Once the pictures are set aside, transcribe the remaining data exactly.

[Source material Boundary: Start]

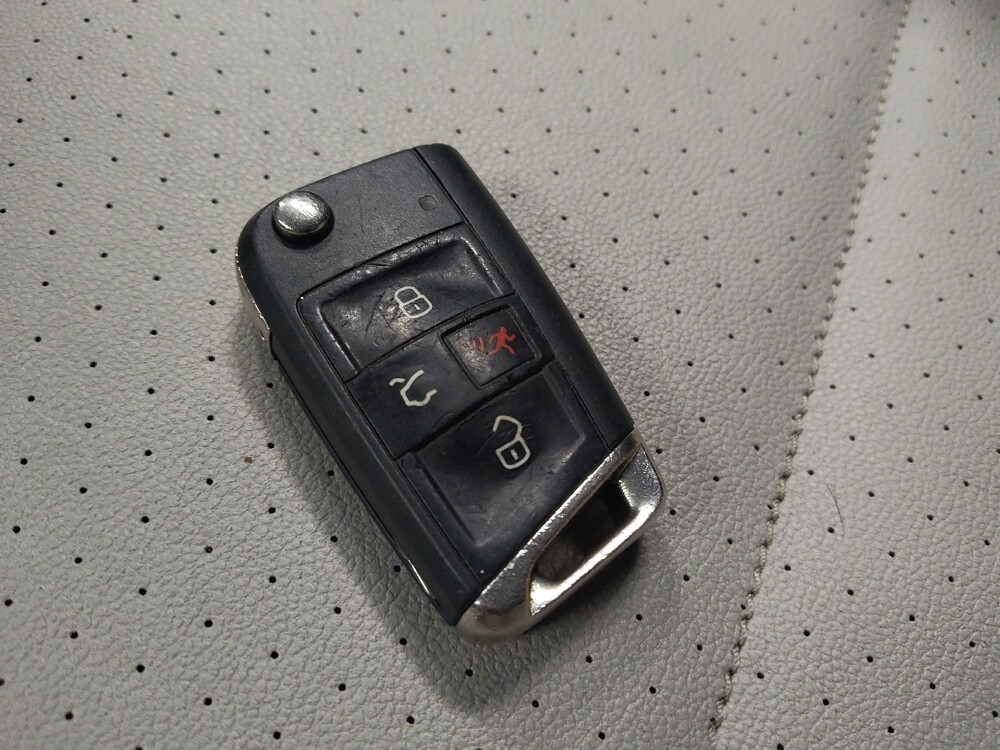 2021 Volkswagen Tiguan in Tucson, AZ 85705 - 18132099 32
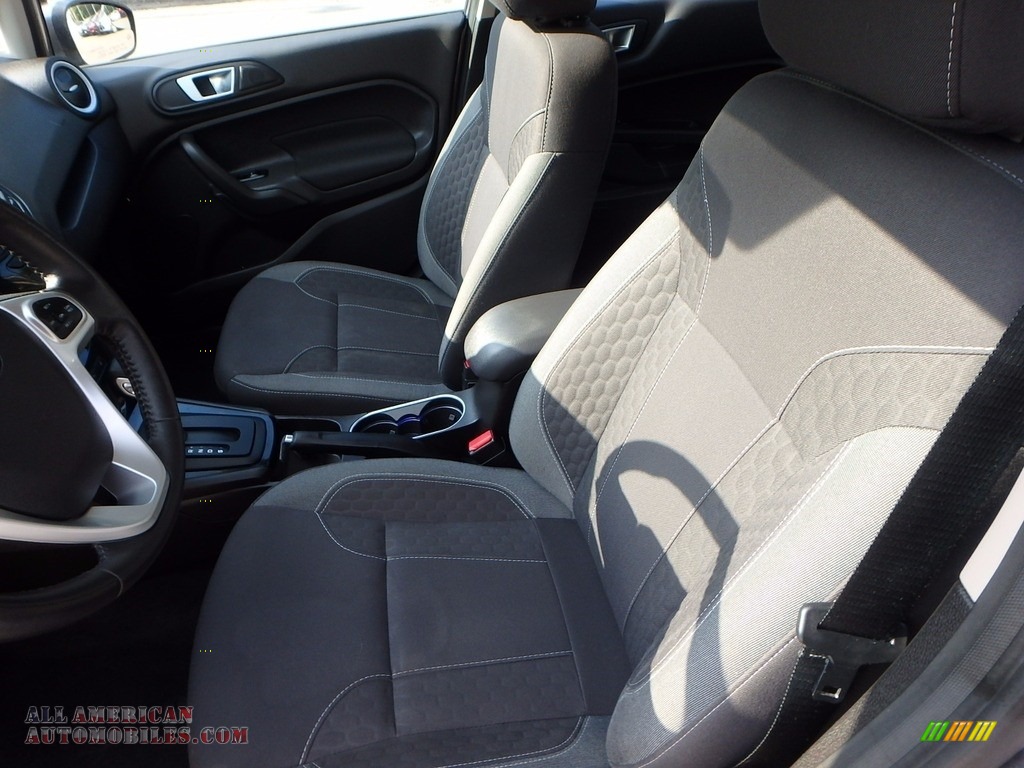 2014 Fiesta SE Sedan - Storm Gray / Charcoal Black photo #16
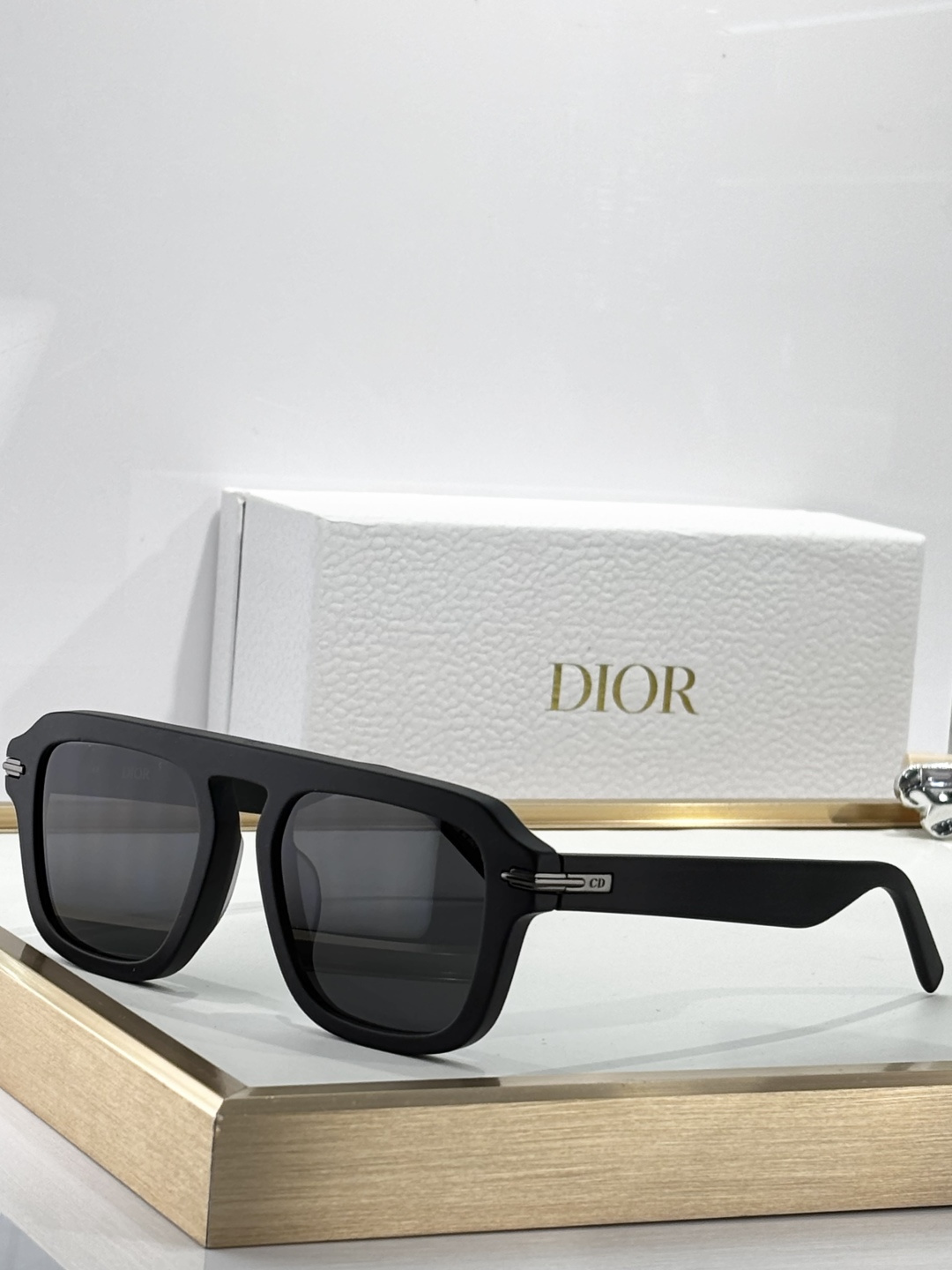 Dior BlackSuit Navigator Sunglasses – Premium Luxury Eyewear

[Source material Boundary: End]

- Response box:
 2021 Volkswagen Tiguan in Tucson, AZ 85705 - 18132099 32
 2014 Fiesta SE Sedan - Storm Gray / Charcoal Black photo #16
 Dior BlackSuit Navigator Sunglasses – Premium Luxury Eyewear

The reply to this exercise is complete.